» Work instructions
Only one portion of the data is to be written out: from the line bearing "24174 White St, Parksley, VA 23421" through the line bearing "Д1-718 на станции". Write it exactly as it appears.

Exercise materials Block Start

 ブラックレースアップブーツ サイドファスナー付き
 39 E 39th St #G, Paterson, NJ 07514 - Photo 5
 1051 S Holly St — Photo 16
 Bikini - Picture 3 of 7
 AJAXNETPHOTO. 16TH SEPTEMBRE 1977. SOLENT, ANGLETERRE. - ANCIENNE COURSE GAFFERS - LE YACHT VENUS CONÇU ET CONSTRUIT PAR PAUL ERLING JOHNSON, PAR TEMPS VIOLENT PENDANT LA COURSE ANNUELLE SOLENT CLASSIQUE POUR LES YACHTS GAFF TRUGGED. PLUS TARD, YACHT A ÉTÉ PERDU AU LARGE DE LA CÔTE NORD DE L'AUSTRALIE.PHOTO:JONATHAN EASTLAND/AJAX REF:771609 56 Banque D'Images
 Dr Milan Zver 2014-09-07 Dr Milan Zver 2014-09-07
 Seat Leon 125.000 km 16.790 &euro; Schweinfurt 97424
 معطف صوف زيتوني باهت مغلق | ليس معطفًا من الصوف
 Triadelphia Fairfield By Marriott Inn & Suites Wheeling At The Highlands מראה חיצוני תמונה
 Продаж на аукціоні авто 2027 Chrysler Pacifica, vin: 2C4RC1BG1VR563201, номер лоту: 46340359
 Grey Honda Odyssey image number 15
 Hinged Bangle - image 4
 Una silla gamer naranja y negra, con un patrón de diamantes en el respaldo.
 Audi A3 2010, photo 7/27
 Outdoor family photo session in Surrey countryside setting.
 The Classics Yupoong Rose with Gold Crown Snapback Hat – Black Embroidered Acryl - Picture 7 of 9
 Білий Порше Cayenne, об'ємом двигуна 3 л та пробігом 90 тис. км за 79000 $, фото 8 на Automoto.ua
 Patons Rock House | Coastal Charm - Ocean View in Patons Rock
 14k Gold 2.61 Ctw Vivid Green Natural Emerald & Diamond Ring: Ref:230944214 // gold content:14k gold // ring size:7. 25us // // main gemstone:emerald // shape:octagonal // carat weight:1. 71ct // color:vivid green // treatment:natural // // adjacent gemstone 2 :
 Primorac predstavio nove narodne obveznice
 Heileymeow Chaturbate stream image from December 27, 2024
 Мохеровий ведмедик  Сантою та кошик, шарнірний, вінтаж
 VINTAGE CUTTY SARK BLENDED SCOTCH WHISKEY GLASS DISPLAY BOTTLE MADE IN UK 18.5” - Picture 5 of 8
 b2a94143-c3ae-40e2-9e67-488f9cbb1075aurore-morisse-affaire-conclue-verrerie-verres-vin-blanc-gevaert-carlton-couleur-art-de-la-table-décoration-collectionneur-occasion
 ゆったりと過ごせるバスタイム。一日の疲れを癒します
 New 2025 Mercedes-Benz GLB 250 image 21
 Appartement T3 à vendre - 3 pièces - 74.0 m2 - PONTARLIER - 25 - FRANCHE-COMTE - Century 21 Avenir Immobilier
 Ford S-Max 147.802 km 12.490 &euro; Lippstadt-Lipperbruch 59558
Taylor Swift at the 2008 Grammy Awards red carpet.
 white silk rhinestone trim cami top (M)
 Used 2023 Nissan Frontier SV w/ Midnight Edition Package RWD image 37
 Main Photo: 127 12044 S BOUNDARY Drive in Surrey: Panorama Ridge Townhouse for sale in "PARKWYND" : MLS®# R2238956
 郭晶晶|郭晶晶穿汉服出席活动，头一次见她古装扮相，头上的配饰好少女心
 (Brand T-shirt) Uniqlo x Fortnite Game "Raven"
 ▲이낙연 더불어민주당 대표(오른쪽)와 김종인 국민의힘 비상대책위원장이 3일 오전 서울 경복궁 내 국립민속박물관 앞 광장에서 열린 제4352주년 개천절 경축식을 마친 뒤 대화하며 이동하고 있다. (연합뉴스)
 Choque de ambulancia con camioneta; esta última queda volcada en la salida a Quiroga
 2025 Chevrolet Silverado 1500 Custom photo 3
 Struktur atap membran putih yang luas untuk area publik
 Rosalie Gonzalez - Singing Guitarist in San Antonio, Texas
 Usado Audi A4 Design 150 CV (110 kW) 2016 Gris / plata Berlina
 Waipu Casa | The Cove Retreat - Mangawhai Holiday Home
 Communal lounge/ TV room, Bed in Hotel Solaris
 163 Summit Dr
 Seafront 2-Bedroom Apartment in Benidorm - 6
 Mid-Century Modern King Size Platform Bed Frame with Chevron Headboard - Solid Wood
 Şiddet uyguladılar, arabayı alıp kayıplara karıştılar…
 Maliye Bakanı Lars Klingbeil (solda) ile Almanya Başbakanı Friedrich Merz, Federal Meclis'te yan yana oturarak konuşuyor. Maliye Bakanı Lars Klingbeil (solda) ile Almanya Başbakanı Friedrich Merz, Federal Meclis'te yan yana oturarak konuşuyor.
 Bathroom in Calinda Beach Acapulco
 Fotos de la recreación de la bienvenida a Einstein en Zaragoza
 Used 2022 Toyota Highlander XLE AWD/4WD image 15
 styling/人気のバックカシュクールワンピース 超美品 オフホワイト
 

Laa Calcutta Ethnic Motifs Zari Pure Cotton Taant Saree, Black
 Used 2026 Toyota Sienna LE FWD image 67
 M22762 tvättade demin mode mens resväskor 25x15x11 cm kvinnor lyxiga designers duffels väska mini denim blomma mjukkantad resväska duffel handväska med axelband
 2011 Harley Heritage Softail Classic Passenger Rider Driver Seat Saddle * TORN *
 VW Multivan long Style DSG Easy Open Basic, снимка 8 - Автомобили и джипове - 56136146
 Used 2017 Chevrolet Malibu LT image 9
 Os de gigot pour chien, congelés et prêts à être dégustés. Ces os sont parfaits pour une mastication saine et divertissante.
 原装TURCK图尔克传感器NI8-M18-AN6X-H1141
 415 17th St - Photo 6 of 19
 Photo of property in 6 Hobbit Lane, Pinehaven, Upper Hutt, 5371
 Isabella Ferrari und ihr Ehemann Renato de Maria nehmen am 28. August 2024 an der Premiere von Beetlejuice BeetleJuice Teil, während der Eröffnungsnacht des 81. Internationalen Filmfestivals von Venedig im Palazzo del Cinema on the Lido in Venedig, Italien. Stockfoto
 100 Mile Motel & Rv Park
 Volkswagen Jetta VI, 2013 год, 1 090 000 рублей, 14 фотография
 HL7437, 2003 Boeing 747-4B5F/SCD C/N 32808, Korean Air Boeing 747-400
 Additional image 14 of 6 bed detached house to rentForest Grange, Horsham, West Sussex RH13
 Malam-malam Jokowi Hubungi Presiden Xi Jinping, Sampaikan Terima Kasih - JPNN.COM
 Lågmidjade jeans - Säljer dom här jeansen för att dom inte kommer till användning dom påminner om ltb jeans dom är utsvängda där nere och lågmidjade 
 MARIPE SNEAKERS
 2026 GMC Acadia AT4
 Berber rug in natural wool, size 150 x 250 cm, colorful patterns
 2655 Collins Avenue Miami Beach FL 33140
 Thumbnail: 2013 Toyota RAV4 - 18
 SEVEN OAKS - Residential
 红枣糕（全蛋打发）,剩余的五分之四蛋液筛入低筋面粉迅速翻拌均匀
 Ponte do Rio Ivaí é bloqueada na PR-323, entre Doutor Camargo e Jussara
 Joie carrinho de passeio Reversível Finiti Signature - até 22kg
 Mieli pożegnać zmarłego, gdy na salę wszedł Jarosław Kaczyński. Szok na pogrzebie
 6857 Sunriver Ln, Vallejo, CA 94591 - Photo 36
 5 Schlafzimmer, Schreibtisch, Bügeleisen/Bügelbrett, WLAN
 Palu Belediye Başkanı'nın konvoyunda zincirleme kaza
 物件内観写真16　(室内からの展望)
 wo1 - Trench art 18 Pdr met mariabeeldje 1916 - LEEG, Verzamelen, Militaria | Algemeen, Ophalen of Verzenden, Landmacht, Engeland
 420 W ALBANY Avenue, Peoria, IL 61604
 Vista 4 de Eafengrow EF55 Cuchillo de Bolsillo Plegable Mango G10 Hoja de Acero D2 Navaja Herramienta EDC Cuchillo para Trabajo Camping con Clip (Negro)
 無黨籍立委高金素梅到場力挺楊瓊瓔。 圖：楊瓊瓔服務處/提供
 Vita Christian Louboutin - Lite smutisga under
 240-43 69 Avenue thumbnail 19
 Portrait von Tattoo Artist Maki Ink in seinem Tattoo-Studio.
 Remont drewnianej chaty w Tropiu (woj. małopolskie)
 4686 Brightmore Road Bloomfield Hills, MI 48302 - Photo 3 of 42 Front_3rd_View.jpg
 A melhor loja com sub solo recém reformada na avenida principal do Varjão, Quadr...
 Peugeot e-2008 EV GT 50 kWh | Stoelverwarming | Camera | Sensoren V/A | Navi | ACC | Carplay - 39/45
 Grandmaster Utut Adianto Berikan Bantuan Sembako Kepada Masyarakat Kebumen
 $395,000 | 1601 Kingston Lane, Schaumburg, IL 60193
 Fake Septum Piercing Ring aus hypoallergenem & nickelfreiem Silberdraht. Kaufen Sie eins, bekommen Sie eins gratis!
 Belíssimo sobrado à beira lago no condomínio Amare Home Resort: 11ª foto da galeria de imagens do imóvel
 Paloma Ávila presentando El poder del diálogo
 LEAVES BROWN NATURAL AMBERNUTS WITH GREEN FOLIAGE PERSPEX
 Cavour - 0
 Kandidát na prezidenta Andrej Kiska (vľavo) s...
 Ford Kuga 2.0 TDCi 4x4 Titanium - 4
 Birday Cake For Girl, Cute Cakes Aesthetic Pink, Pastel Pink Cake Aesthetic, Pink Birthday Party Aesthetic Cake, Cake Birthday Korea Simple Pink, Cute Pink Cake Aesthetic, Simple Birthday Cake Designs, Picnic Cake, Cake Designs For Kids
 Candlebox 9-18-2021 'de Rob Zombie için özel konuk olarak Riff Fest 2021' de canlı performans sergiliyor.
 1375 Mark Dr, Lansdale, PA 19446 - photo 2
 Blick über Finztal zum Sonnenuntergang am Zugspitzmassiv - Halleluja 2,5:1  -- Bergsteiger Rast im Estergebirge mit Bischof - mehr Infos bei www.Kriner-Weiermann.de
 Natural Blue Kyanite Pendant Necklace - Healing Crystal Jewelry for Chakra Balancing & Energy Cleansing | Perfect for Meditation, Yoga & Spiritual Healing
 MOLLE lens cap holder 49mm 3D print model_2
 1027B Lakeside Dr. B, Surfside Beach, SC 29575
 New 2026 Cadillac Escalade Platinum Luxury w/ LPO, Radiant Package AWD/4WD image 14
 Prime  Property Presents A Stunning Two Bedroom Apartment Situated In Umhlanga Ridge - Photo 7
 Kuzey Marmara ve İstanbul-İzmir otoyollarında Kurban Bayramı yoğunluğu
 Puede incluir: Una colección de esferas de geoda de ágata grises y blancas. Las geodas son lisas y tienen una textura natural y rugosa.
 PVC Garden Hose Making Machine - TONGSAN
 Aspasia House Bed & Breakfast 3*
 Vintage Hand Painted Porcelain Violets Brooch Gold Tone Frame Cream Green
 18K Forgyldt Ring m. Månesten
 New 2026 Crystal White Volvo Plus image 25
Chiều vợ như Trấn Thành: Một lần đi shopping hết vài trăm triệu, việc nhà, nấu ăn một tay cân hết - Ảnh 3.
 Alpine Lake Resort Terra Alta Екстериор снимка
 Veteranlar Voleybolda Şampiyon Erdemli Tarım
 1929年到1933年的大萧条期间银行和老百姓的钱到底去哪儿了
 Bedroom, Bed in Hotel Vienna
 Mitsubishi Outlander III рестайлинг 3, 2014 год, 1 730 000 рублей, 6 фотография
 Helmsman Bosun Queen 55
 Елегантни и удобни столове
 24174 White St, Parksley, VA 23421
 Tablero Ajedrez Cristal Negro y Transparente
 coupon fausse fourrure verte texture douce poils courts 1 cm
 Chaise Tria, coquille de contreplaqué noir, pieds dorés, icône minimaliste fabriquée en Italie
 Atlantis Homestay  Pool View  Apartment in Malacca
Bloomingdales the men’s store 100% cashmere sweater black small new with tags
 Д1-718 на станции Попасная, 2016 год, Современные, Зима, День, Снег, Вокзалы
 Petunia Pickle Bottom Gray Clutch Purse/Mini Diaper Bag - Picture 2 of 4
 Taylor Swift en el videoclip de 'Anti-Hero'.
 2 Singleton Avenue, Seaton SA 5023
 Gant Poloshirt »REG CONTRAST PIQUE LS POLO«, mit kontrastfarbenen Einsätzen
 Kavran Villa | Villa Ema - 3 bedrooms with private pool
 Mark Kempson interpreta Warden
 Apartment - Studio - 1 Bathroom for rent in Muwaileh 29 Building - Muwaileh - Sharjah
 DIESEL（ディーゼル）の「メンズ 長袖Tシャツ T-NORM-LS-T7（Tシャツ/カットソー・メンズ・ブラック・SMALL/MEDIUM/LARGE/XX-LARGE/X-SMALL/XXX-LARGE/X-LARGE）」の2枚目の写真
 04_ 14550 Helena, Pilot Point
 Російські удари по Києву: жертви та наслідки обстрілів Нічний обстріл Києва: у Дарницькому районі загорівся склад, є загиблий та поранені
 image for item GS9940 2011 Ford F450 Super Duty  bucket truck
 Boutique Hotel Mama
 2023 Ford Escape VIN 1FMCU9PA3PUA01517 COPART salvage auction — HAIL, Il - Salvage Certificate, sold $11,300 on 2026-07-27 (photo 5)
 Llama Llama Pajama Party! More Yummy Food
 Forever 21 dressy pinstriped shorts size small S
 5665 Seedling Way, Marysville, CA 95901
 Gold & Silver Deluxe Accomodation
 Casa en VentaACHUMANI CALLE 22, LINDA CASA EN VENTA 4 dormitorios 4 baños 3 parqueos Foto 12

Exercise materials Block End

» Result of this exercise
 24174 White St, Parksley, VA 23421
 Tablero Ajedrez Cristal Negro y Transparente
 coupon fausse fourrure verte texture douce poils courts 1 cm
 Chaise Tria, coquille de contreplaqué noir, pieds dorés, icône minimaliste fabriquée en Italie
 Atlantis Homestay  Pool View  Apartment in Malacca
Bloomingdales the men’s store 100% cashmere sweater black small new with tags
 Д1-718 на станции Попасная, 2016 год, Современные, Зима, День, Снег, Вокзалы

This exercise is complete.